▸ DATA:
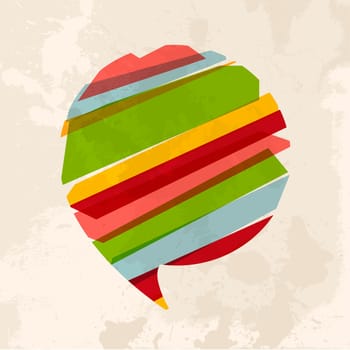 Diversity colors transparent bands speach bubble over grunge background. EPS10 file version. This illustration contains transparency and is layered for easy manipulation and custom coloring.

--

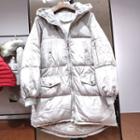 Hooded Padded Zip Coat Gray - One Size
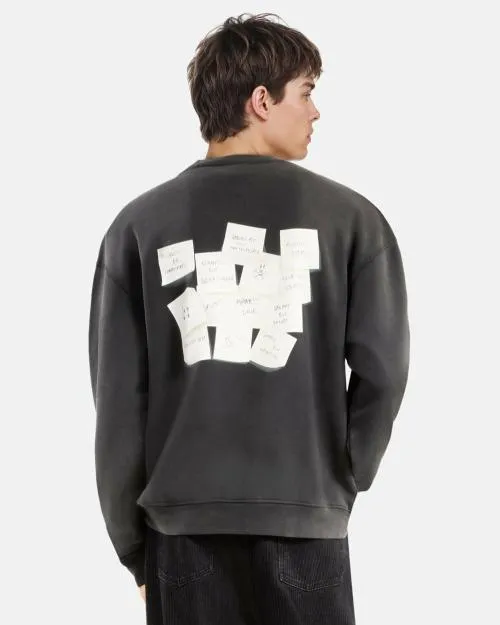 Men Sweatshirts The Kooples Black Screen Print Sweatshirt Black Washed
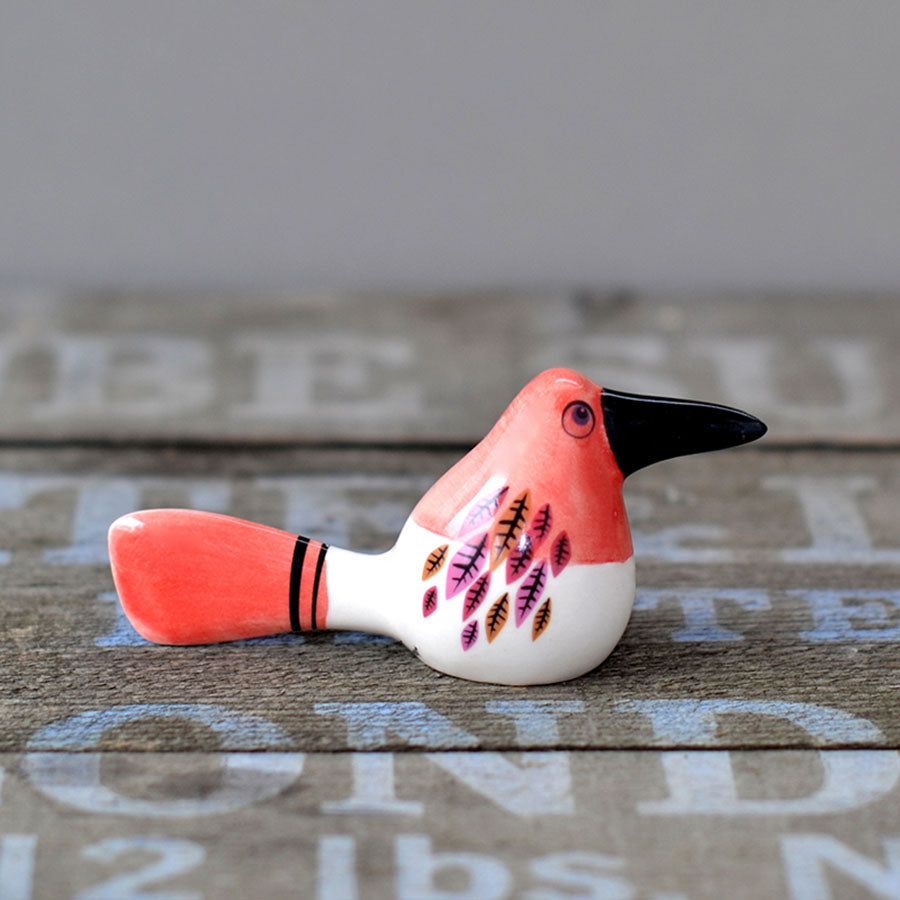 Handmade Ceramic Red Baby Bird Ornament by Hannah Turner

--

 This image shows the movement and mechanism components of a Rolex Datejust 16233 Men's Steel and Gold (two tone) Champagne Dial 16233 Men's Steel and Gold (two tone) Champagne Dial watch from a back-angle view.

▸ PROBLEM TO WORK ON: Given the listing above, repeat exactly the lines starting at the one with "Men Sweatshirts The" and ending at the one with "Handmade Ceramic Red", inclusive, excluding pictures.

▸ FINAL ANSWER:
 Men Sweatshirts The Kooples Black Screen Print Sweatshirt Black Washed
 Handmade Ceramic Red Baby Bird Ornament by Hannah Turner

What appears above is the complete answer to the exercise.